Reyes criticized Duterte’s claims of being a “Leftist and a socialist” when up to now, he is yet to order the release of more than 400 political prisoners, while he allowed a hero’s burial for ousted dictator Ferdinand Marcos Sr.
“The President should not listen to the generals, the police, the landlords and the politicians. He should listen to the people,” said Reyes.
Duterte should release all political prisoners
Bonifacio Ilagan, Carmma lead convenor, said drug addicts have a chance to go into rehabilitation, but those who are addicted to power and plundered wealth, such as the Marcoses, have no cure. “But the Marcoses were rehabilitated by no less than our president, along with nine justices of the Supreme Court,” he lamented.
He said Duterte has trampled on the victims of martial law by allowing a hero’s burial for Marcos, who was deposed by the Filipino people. Marcos’ addiction to power, he said, was inherited by his son, Bongbong, who, he said “will certainly run for president.”
He dared Duterte to cut his ties with the Marcoses. Ilagan added that they survived fighting a dictator during martial law and will again fight any attempt reviving martial law.
Groups also lambasted Duterte’s statement that he will not release political prisoners until the National Democratic Front of the Philippines (NDFP) has signed a bilateral ceasefire agreement.
Also speaking at the program was NDFP peace consultant Concha Araneta-Bocala, who said the peace negotiation “is not a poker game and the political prisoners are not pawns.”
“This shows that the GRP (Government of the Republic of the Philippines) only wants a ceasefire, but is not sincere in addressing the roots of armed conflict,” she said. Bocala added that the NDFP is open to signing such an agreement, provided that political detainees are released within 48 hours.
Boy Cadano of Hustisya said he is happy that his youth activist son, Guiller and his companion, Gerald Salonga, were recently released after two years in detention, following their acquittal from criminal charges.
“I am happy as a father, but my happiness is incomplete, because more than 400 political prisoners are still in jail. They should all be free,” he said. He cited 66-year-old political detainee Bernabe Ocasla who recently died from a heart attack at the Manila City Jail.
“How many more should die before this inutile government take action?” Cadano said.
Not the change we want
Karapatan secretary general Cristina Palabay said no change has come under Duterte government. Despite his campaign promise of “Change is coming,” Palabay said political prisoners are still detained and dying in jail, cases of illegal detention and torture continues to mount, as well as extrajudicial killings under Oplan Bayanihan and anti-drug operations Oplan Tokhang and Oplan Double Barrel.

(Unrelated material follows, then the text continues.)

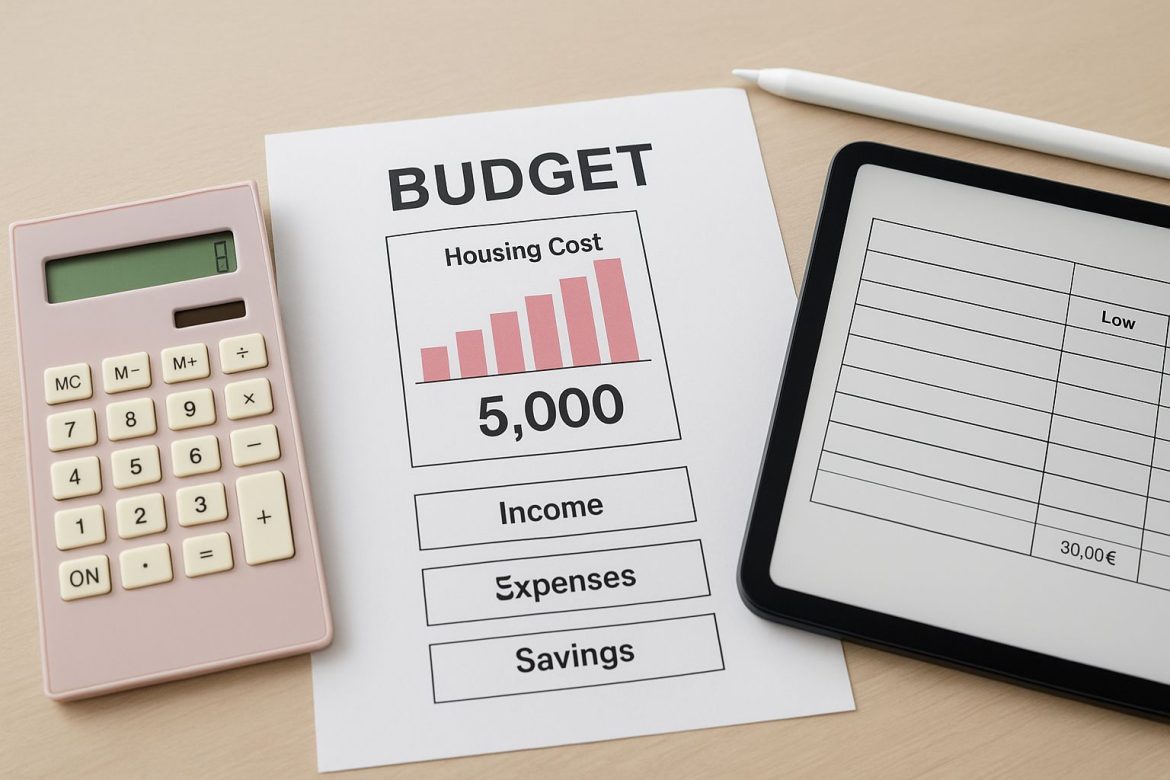 Graf över bostadskostnader, budget och finansiell planering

Worse, she said that under Duterte, the court acquitted and freed President Gloria Macapagal Arroyo, whose counterinsurgency program Oplan Bantay Laya killed 1,206 activists. Duterte also promoted and appointed Lt. General Eduardo Año as chief of the Armed Forces of the Philippines. Año was implicated in the abduction of peasant activist Jonas Burgos in 2007.
“Is this the change we want?” she asked. The crowd resoundingly replied: “No!”
She said that although they support Duterte on his pronouncements for an independent foreign policy, but they will never back down with the dictator tendencies of the President.
In Mendiola, protesters burned a horned monster effigy which depicts the political rehabilitation of the Marcoses, continuing state fascism, extrajudicial killings, detention of political prisoners and Oplan Bayanihan.
“Marcos is gone but the state continues to use an iron fist against the people,” said Bayan Metro Manila chairperson Raymond Palatino, as protesters burn the effigy.
Vencer Crisostomo, Anakbayan chairman, meanwhile, vowed to fight against any rising dictatorship. “If martial law will be declared, we will fight even if it costs us our lives,” he said.